If we look at Error Messages by Date we see a few interesting things. The initial spike on 1/21 was the load of all existing Apex Application emails that had been piling up in the inbox of our DOT user. The real win came on the spike on 2/10. We noticed a sudden surge in errors in our opportunityRollup class (a particular complex piece of code that aggregates opportunity/donation totals to various non-parent objects, like contacts and households). We were able to reach out to the two organizations that were generating 90%+ of these errors, help them identify the root cause, and provide solutions where needed. (Custom validations + bulk data import = Lots of Errors).
We can also look at most frequent offending classes and packages to identify areas of our code that could use a little love, better documentation, or better usage instructions. It’s also easy to see the most common problems our users have. Some interesting facts:
Conclusion
As you can see there’s lots of interesting information to discern from the data we now have using Inbound Email Services. Being able to automatically accept and parse this information in near real-time and have Salesforce drive our visualizations using simple dashboards provides a level of visibility into our eco-system previously near-impossible without serious custom charting and coding. Email handlers provide an incredible array of flexibility, providing a common endpoint into your system for a variety of automated information from any standardized source (not to mention the SOAP and REST APIs!)

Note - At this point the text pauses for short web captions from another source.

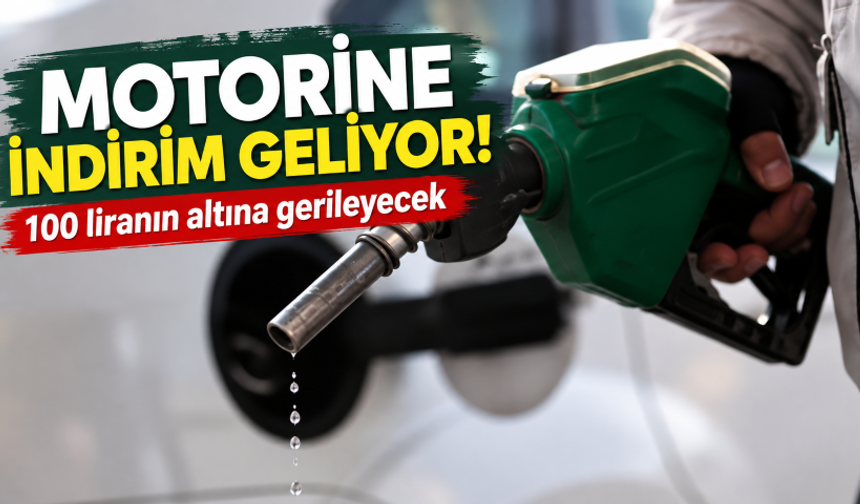 Motorine indirim geliyor! 100 liranın altına gerileyecek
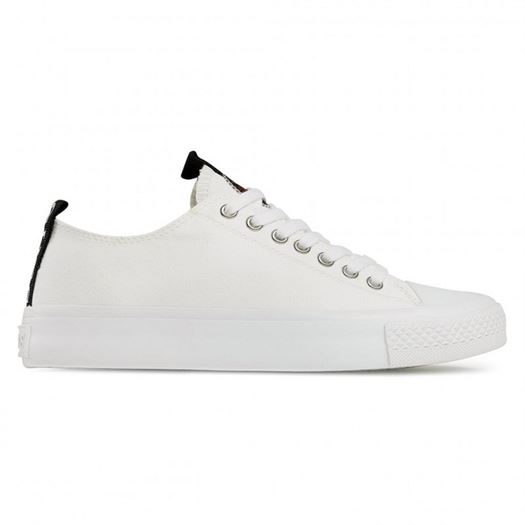 femme Guess femme ederla low cut blanc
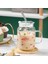 Bölüm C 600ML 580ML Cam Kapaklı Bardak ve Saman Çay Bardağı Süt Suyu Sevimli Kedi Kahve Su Kupaları Isıya Dayanıklı Drinkware (Yurt Dışından) 5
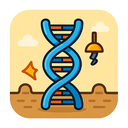 icon_construction_dna_strand_cartoon icon preview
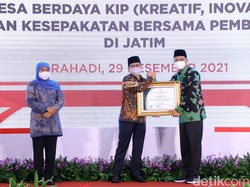 Gus Muhdlor Terus Dorong Desa di Sidoarjo Sandang Status Maju dan Mandiri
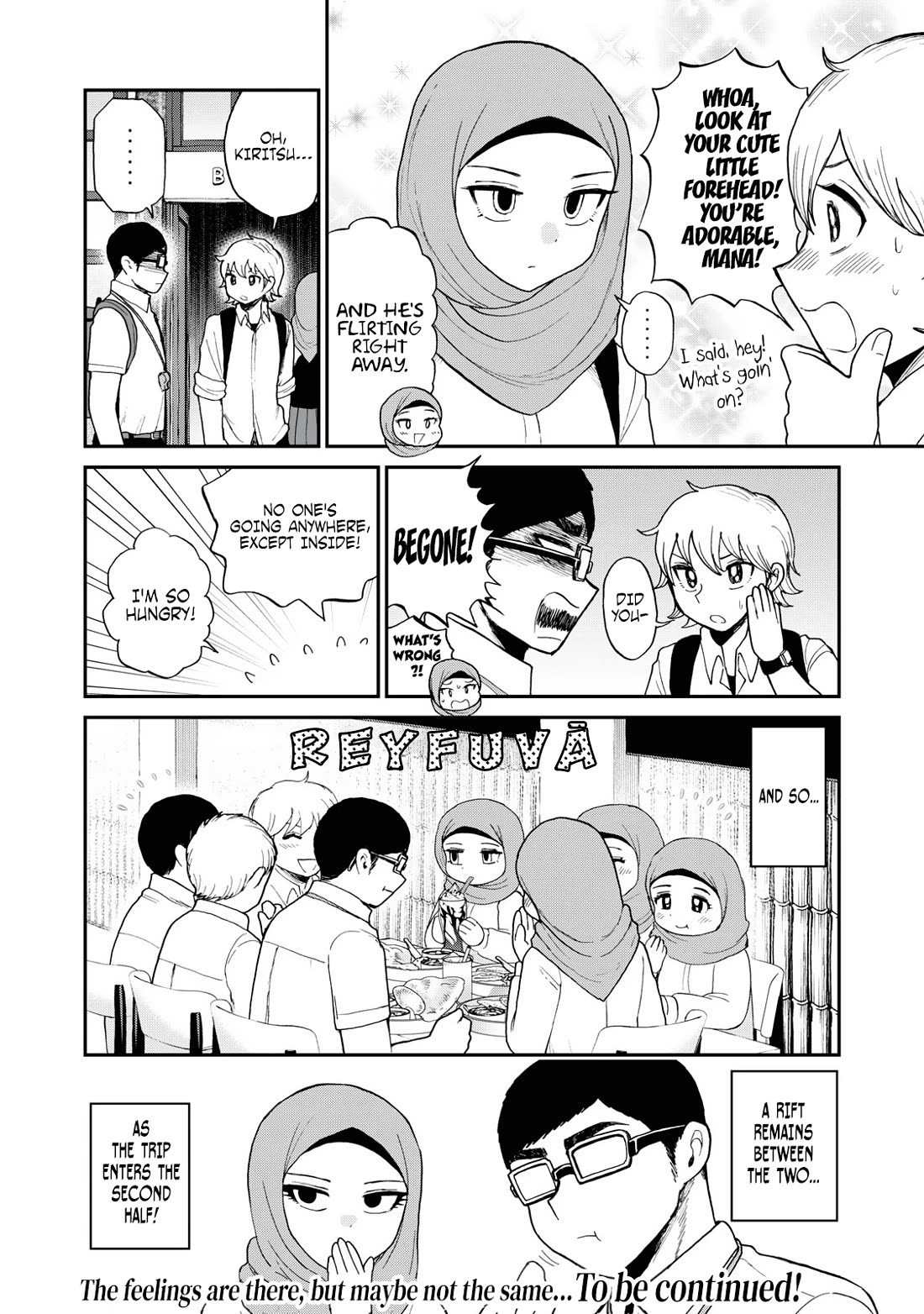 A Rough Lady is Being Deceived Chapter 42 page 20 - Chapter 42: Exotic Island, Exciting Story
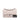 White Chanel Jumbo Classic Lambskin Double Flap Shoulder Bag - Designer Revival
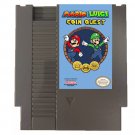 Mario & Luigi Coin Quest (NES) Nintendo Entertainment System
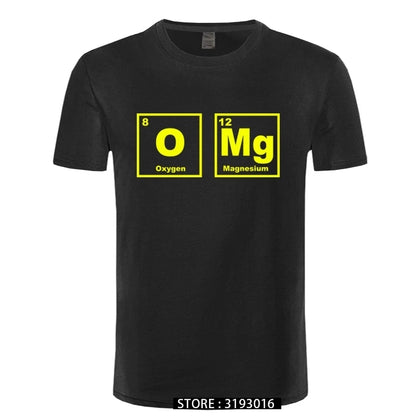 "OMG" Periodic Element T-Shirt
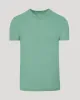 Light Heather Greenery Classic V-Neck sold by True Classic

In addition, being able to bind the results into an existing data structure, in this case our LMA, gives us the opportunity to cross-reference data we wouldn’t otherwise have. The power of being able to quickly spot organizations that may be in trouble and identify a fix pro-actively, without them filing a support case or picking up the phone, is the testament to the power of the Cloud. Imagine calling your users and saying: “It seems like you might be having a problem, I can help you fix that right now.”
There’s an array of email you receive on a daily basis that would be useful to view in aggregation. I’d love to hear about your creative uses for the Inbound Email Services, or other interesting force.com hacks to help you manage your own instance, LMA/LMO, or entire eco-system.